Quantum State Preparation Using an Exact CNOT Synthesis Formulation
Hanyu Wang, Bochen Tan, Jason Cong, Giovanni De Micheli
TL;DR
This work reframes quantum state preparation as an exact CNOT synthesis problem by modeling state transitions as a shortest-path search on a graph of amplitude-preserving moves. Using an A* search with an entanglement-informed admissible heuristic and a canonicalization-based state compression, the method finds optimal circuits with minimal CNOT cost while keeping computation tractable. Empirical results show 9%–32% average CNOT reductions for general states up to 20 qubits and a 2x reduction for Dicke states, surpassing prior design automation methods and matching manual designs in efficiency. The approach offers a scalable, exact, and automation-friendly pathway to more robust quantum state preparation on NISQ hardware, with potential extensions to larger systems and more complex amplitude structures.
Abstract
Minimizing the use of CNOT gates in quantum state preparation is a crucial step in quantum compilation, as they introduce coupling constraints and more noise than single-qubit gates.

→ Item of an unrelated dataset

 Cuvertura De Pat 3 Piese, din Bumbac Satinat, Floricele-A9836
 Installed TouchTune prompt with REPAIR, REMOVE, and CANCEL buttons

Reducing the number of CNOT gates can lead to more efficient and accurate quantum computations. However, the lack of compatibility to model superposition and entanglement challenges the scalability and optimality of CNOT optimization algorithms on classical computers. In this paper, we propose an effective state preparation algorithm using an exact CNOT synthesis formulation. Our method represents a milestone as the first design automation algorithm to surpass manual design, reducing the best CNOT numbers to prepare a Dicke state by 2x. For general states with up to 20 qubits, our method reduces the CNOT number by 9% and 32% for dense and sparse states, on average, compared to the latest algorithms.